Member of the Wisconsin Senate from the 2nd district
- In office January 1, 1850 – January 1, 1852
- Preceded by: Henry Merrill
- Succeeded by: James S. Alban

Personal details
- Born: George DeGraw Moore February 11, 1822 Caldwell, New Jersey
- Died: October 13, 1891 (aged 69) Newark, New Jersey
- Resting place: Rosedale Cemetery Orange, New Jersey
- Party: Whig
- Spouses: Justina Melrose Whitehead; (died 1887);
- Alma mater: Union College

= George DeGraw Moore =

18th century American politician, Member of the Wisconsin Senate

George DeGraw Moore (February 11, 1822 - October 13, 1891) was an American politician, lawyer, and jurist.

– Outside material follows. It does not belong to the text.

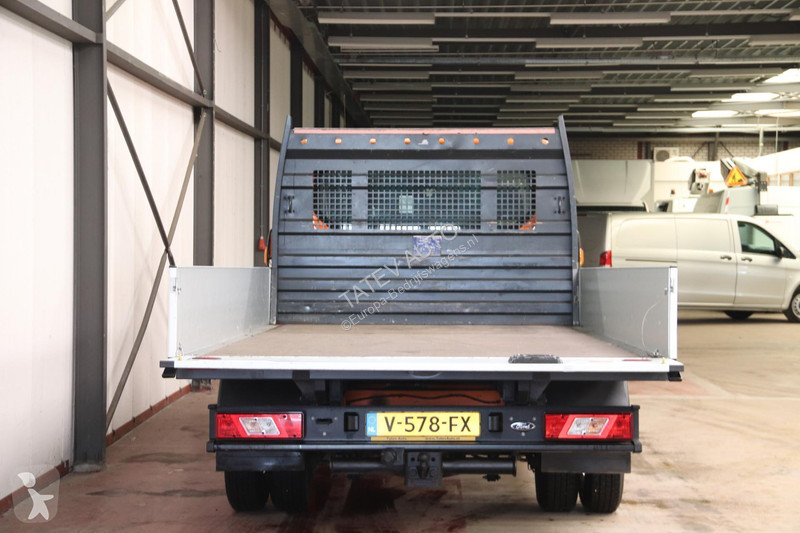 Véhicule utilitaire Ford met nieuwe NIEUWE...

He was sometimes referred to in historical documents as "G. DeGraw Moore" or "J. DeGraw Moore."

==Biography==

Born in Caldwell, New Jersey, Moore received his law degree from Union College, in Schenectady, New York, and studied law in a law office in Newark, New Jersey. Moore settled in Prairie du Sac, Wisconsin. He served in the Wisconsin State Senate in 1850 and 1851. In 1851, Moore moved to Urbana, Ohio. In 1856, Moore moved back to Newark, New Jersey. From 1869 to 1879, he served as surrogate for Essex County, New Jersey. He also served on the first board of directors of the Prudential Friendly Society, a predecessor to the Prudential Life Insurance Company.